L’un, SAJ, un produit des années 60, légaliste, constitutionaliste, parlementariste, attaché à la primauté de l’Exécutif sur toutes les autres institutions politiques, ne croyant sans doute qu’à moitié aux rêves des jeunes idéologues du MMM. L’autre, Paul Bérenger, un révolutionnaire romantique, rêvant d’une île Maurice sans barrières, mais confronté au terrain, obligé de réviser sa vision sous le poids des réalités, obligé de composer sans cesse.

L’un, Jugnauth, d’une brutale franchise qui dit les choses par leur nom ; l’autre, Bérenger, tout en nuances et calculs, conscient qu’on ne lui pardonnera aucun faux pas. L’un allergique, depuis des décennies, au Travaillisme, prêt à tout pour en finir avec le PTr ; l’autre obstiné à ne fermer aucune porte qui ramènerait le PTr aux côtés du MMM.

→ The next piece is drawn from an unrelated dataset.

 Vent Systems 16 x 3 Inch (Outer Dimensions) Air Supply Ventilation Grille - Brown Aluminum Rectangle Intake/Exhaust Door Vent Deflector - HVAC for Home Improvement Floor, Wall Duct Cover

Comme Jean-Claude, j’ai suivi l’évolution de ce couple infernal. Je pense que la différence la plus significative entre ces deux hommes reste celle-ci : SAJ aime l’exercice du pouvoir. Il est prêt à tout pour le conserver afin de pouvoir agir sur le cours des choses. Paul Bérenger, lui, est fondamentalement un guerrier qui aime par-dessus toute la conquête du pouvoir. Sa plus grande motivation, il la trouve dans l’attaque de la Citadelle. L’ayant conquise, il se lasse et s’en va chercher d’autres combats. 

Merci Jean Claude pour cette importante contribution à la mémoire politique du pays. Nous attendrons avec impatience «Les Années Ramgoolam» et nul autre que notre ami Jean Claude ne saurait mieux nous les raconter.